Los estragos causados por esa termita lingüística se aprecian en la dificultad por empezar a contar la historia desde el principio, en la insistencia en hacer prólogos, porque hay que sentar unas bases de alto contenido académico antes de entrar en materia; en que es posible cercenar sin pérdida ninguna de enjundia informativa de entre un 10% y un 25% del texto; en la aplicación literal de técnicas como la del lead retardado, que no es que no exista, sino que no consiste en retardar el lead, sino en inventar un lead con remate al final; y, sobre todo, en la parte blanda de los diarios —cultura, espectáculos—, en la propensión a adornar los textos, como en una ocasión me preguntó una joven periodista si se podía hacer, que, sin embargo, escribía bastante bien.

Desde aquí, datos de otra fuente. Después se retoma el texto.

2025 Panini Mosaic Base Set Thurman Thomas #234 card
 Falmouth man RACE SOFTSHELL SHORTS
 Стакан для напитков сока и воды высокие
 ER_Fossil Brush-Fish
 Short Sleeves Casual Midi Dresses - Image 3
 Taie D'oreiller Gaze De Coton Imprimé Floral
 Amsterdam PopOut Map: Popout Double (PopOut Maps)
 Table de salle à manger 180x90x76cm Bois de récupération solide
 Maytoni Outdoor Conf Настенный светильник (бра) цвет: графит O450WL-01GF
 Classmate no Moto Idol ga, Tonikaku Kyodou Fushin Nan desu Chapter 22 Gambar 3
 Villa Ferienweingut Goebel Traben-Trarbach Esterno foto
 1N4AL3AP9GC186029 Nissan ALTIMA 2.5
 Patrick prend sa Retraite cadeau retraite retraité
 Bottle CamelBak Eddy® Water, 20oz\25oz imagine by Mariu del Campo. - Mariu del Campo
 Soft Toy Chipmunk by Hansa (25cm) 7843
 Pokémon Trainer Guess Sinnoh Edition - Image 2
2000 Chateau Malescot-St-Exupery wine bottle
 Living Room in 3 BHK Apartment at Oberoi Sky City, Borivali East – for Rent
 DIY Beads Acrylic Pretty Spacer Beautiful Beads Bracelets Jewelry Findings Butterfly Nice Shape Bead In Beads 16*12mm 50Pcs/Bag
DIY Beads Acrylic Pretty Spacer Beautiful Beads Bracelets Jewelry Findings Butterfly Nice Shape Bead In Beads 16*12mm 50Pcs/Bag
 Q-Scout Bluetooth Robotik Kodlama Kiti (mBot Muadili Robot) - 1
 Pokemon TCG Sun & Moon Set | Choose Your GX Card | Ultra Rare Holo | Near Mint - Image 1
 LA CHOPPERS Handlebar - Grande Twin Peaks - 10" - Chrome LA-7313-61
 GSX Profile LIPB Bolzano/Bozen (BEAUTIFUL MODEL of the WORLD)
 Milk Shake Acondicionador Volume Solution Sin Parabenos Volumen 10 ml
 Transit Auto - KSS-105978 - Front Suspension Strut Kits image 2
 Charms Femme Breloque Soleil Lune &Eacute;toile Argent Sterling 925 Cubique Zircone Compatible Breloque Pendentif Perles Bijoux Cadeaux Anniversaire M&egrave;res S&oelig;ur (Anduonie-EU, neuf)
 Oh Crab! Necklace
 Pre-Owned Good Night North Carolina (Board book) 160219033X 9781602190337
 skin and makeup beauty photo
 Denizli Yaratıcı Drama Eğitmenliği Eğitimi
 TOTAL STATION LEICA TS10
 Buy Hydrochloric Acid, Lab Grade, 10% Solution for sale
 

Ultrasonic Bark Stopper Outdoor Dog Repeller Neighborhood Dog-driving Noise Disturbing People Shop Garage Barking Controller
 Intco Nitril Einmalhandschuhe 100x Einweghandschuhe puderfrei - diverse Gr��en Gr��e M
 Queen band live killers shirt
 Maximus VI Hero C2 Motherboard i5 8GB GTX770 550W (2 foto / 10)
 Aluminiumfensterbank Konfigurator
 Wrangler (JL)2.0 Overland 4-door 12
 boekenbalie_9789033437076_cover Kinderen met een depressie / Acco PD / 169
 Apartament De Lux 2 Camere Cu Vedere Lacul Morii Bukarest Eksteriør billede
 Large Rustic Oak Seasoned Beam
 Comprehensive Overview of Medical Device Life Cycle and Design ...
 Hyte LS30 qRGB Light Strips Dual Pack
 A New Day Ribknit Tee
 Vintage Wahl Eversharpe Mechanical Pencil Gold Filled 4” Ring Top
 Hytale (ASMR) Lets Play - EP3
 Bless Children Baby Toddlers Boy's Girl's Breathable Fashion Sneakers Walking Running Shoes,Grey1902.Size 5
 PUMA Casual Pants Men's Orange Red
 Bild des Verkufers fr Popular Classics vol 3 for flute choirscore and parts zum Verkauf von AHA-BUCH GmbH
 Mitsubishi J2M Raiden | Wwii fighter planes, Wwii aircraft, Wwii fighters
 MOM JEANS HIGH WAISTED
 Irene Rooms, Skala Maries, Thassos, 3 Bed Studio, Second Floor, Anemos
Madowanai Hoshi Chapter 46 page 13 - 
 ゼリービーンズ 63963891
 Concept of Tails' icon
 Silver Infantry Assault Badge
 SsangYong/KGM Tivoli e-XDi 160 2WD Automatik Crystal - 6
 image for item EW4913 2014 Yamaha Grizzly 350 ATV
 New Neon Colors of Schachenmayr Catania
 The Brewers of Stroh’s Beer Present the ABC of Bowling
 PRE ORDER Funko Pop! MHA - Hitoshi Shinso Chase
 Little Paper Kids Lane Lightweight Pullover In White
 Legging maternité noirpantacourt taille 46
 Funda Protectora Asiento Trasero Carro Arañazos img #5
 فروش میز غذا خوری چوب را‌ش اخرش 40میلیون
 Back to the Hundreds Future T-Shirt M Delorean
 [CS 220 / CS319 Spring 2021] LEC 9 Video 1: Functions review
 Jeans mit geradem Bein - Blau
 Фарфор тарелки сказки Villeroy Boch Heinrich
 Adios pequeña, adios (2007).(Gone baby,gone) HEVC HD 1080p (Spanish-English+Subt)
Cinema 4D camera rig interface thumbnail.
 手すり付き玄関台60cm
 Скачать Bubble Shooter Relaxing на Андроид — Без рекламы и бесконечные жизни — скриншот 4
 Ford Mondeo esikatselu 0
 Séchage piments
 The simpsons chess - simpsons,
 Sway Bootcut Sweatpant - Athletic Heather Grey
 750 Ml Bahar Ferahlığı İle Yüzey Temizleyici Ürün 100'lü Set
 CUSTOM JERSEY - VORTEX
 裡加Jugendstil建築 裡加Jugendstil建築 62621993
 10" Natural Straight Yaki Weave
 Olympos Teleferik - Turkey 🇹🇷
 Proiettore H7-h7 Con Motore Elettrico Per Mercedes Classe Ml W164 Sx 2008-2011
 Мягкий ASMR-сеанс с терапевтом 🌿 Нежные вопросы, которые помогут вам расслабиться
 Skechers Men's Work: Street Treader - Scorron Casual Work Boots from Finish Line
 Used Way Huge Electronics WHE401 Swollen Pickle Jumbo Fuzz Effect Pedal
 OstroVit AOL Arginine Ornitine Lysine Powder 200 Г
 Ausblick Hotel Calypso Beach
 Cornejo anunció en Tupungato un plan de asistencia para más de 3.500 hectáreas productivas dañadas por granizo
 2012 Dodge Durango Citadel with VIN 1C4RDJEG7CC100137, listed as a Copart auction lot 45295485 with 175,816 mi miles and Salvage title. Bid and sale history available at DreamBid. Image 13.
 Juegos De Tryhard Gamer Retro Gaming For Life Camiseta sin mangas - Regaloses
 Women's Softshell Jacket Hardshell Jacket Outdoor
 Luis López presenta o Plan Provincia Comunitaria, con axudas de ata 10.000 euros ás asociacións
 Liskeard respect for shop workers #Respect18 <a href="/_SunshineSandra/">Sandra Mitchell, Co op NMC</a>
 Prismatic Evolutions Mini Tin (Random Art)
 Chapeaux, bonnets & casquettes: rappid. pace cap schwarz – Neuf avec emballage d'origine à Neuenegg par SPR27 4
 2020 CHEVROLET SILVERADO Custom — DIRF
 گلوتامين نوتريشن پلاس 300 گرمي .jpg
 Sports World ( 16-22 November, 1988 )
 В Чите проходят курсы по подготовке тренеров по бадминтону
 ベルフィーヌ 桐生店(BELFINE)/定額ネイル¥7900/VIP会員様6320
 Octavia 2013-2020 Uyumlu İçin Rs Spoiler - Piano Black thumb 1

Una parte de los jóvenes periodistas en español nace con un chip incorporado, que irradia toxinas sobre su trabajo. Gabo escribía en su extraordinario estilo de forma torrencial, pero no hacía leads retardados, ni prólogos, ni tardaba tres o cuatro párrafos en coger el tono por los cuernos. Un buen diario es, por todo ello, aquel al que no le falta nada de lo necesario, ni le sobra, porque ocurre que solo se ocupa de lo relevante. Resolver estos problemas no hace automáticamente que un diario sea bueno, pero ignorarlos sí hace que no lo sea. La técnica nunca reemplazará al talento, pero no olvidemos que sin ella nunca valdremos todo lo que podemos valer. Y ahora me doy cuenta de que en este artículo puede que se me haya pagado algo del chip colonial'.